- _What the exercise asks_: Set down, character for character, everything in the records below from the line holding "sleeping.webp" down to the line holding "26 Weatherhead Avenue, ASHGROVE", and no other line.

- _Supplied material_:
<<<<

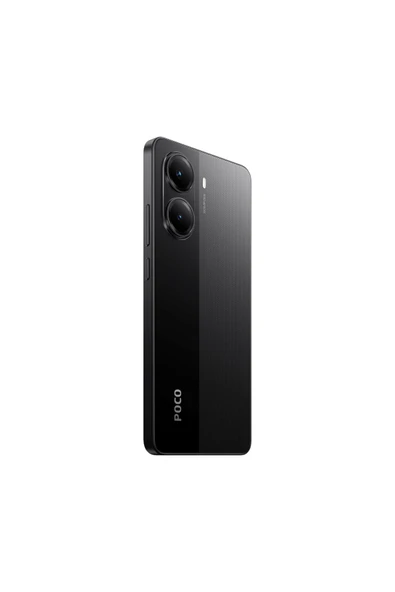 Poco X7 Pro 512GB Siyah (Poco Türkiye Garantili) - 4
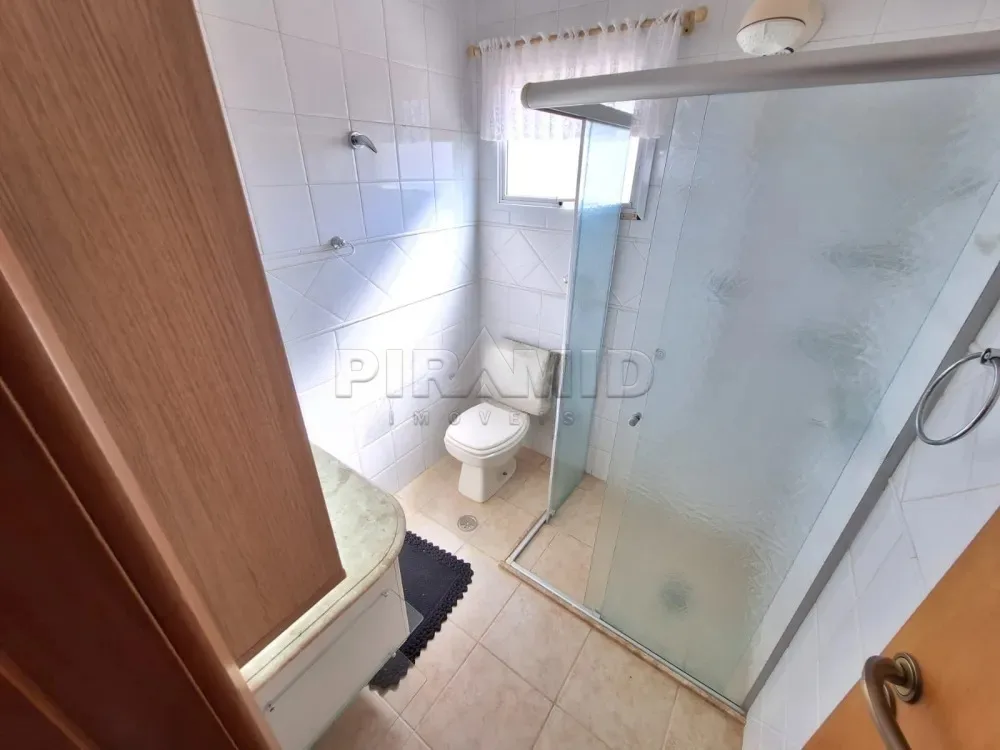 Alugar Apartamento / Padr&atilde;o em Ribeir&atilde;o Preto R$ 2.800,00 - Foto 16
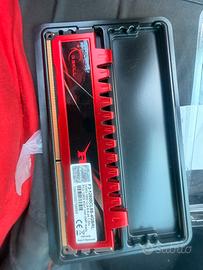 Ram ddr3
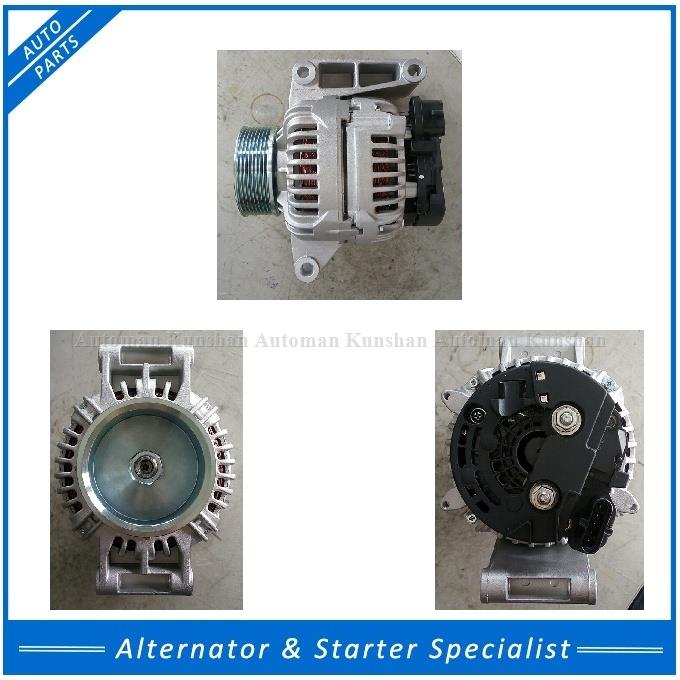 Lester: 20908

>>>>
<<<<

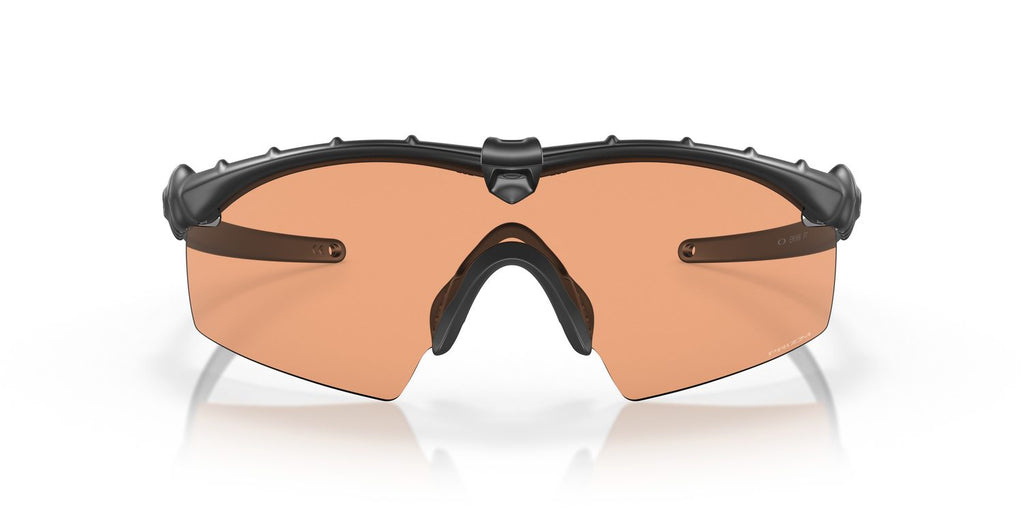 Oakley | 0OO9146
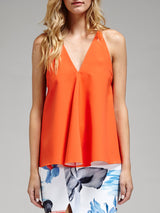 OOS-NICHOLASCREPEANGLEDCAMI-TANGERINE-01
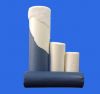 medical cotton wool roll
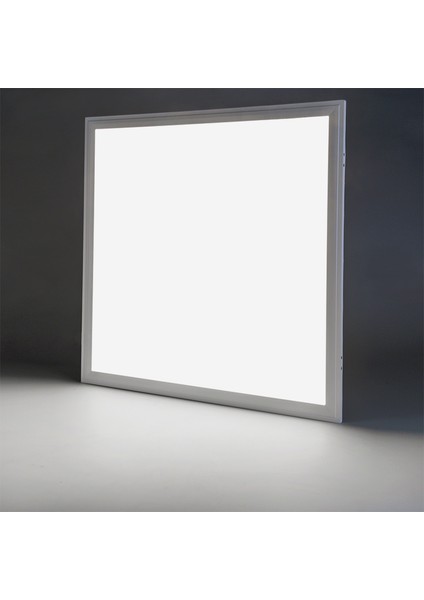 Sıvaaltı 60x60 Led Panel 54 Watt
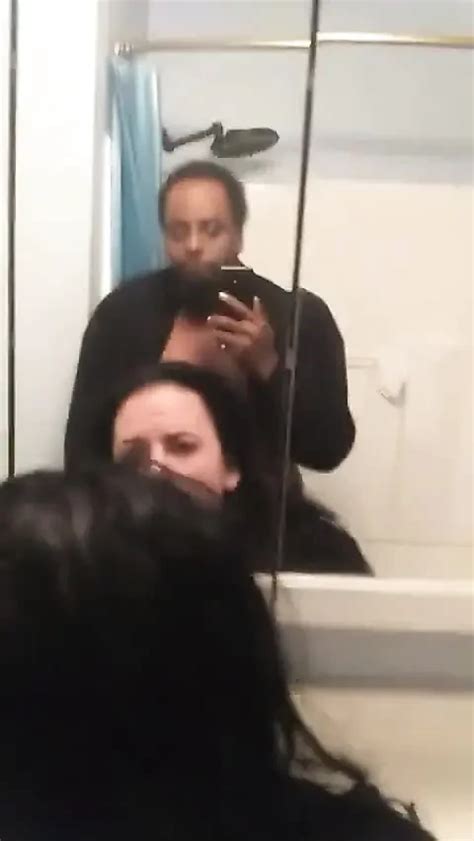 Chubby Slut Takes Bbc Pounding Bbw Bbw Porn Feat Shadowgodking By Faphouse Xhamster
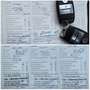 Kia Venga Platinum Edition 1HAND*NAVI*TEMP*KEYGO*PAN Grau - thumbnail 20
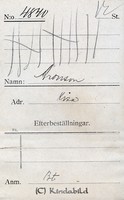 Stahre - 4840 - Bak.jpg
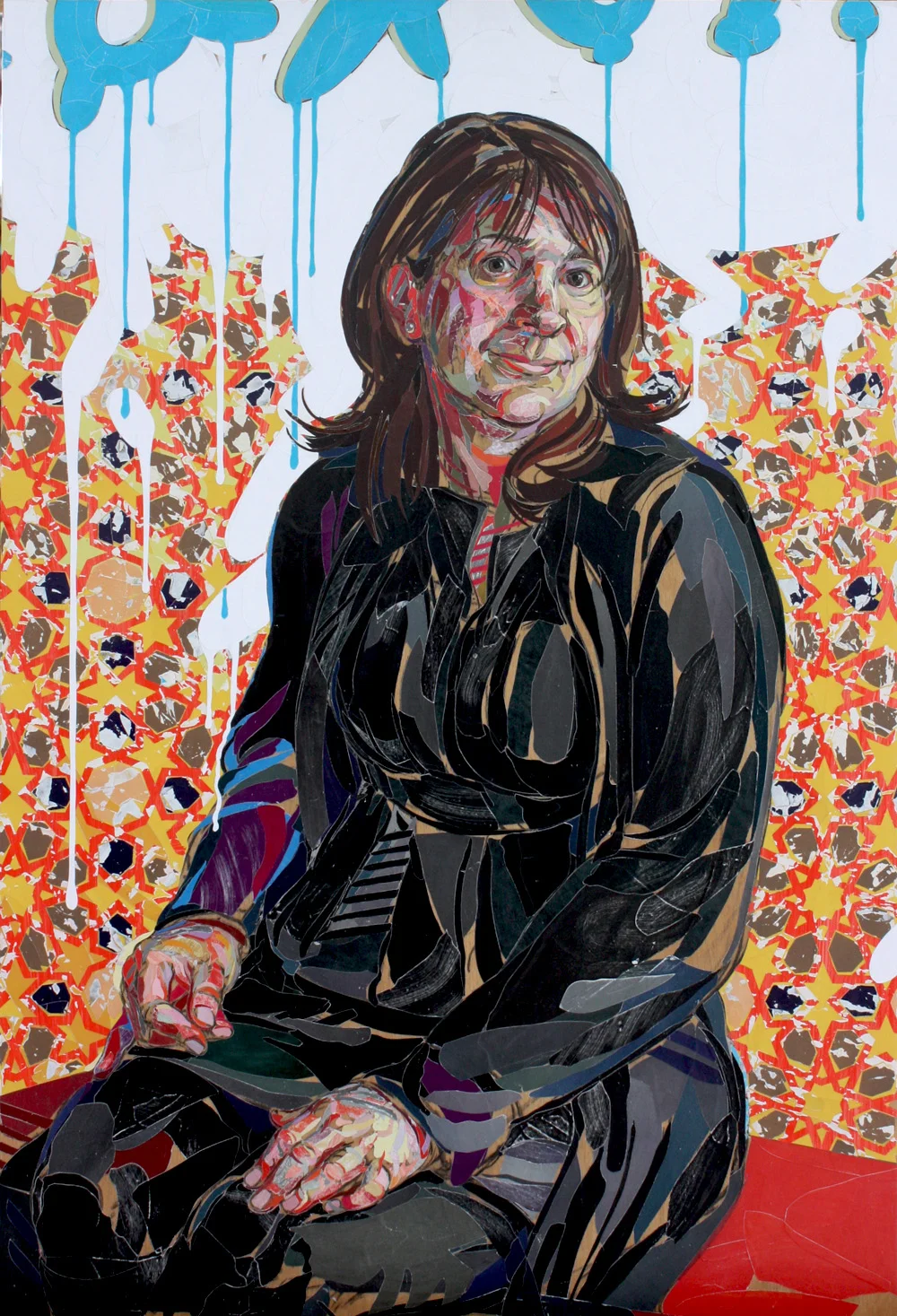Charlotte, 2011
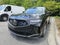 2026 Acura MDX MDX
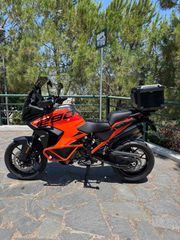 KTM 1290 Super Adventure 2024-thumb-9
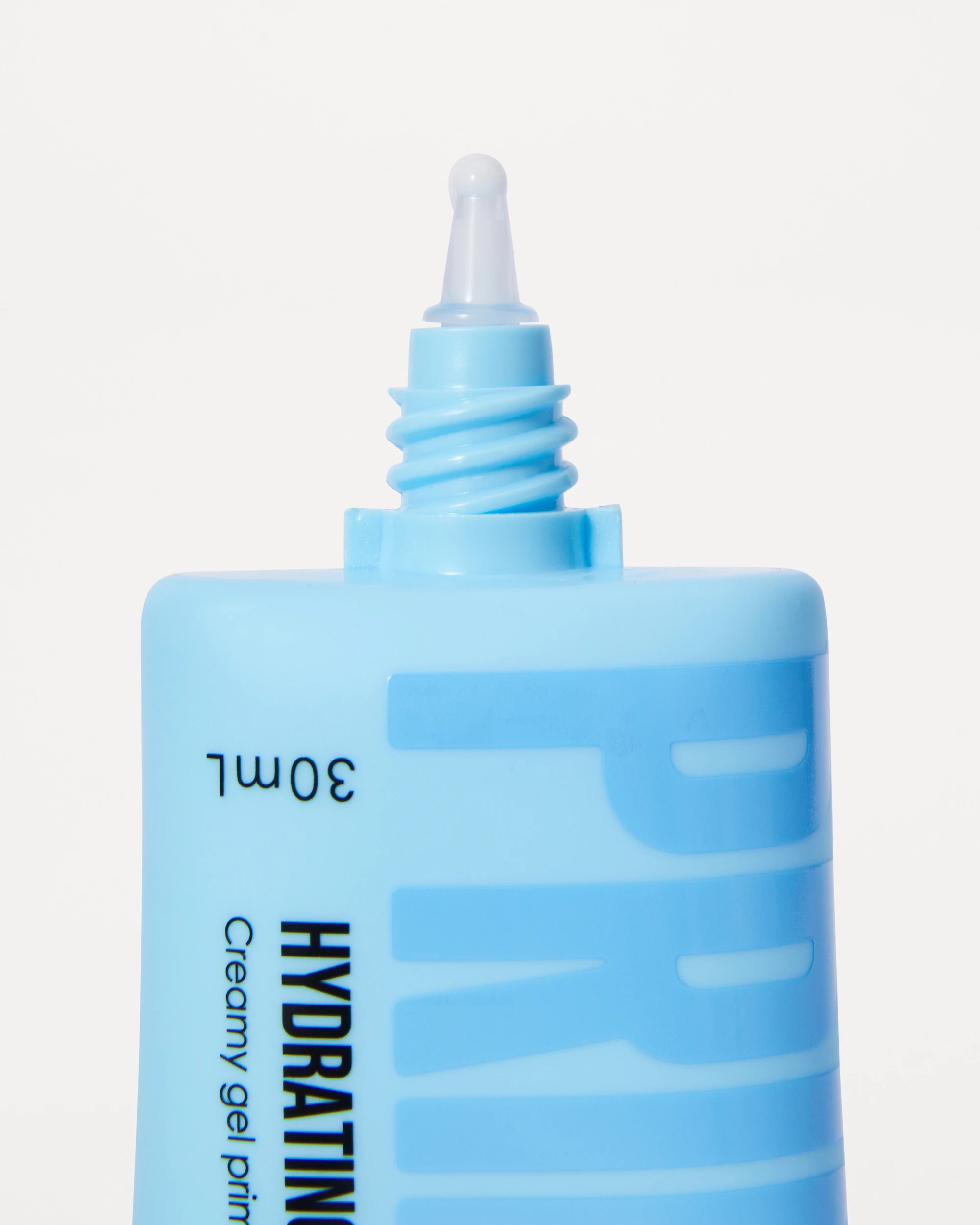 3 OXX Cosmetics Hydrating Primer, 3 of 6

>>>>
<<<<

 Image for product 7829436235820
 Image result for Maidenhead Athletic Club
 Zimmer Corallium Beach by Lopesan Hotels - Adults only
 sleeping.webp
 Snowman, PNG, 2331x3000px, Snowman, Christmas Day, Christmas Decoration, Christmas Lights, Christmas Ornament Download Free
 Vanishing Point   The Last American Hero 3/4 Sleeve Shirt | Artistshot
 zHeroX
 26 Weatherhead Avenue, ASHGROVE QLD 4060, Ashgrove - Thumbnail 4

>>>>

- _Expected answer_:
 sleeping.webp
 Snowman, PNG, 2331x3000px, Snowman, Christmas Day, Christmas Decoration, Christmas Lights, Christmas Ornament Download Free
 Vanishing Point   The Last American Hero 3/4 Sleeve Shirt | Artistshot
 zHeroX
 26 Weatherhead Avenue, ASHGROVE QLD 4060, Ashgrove - Thumbnail 4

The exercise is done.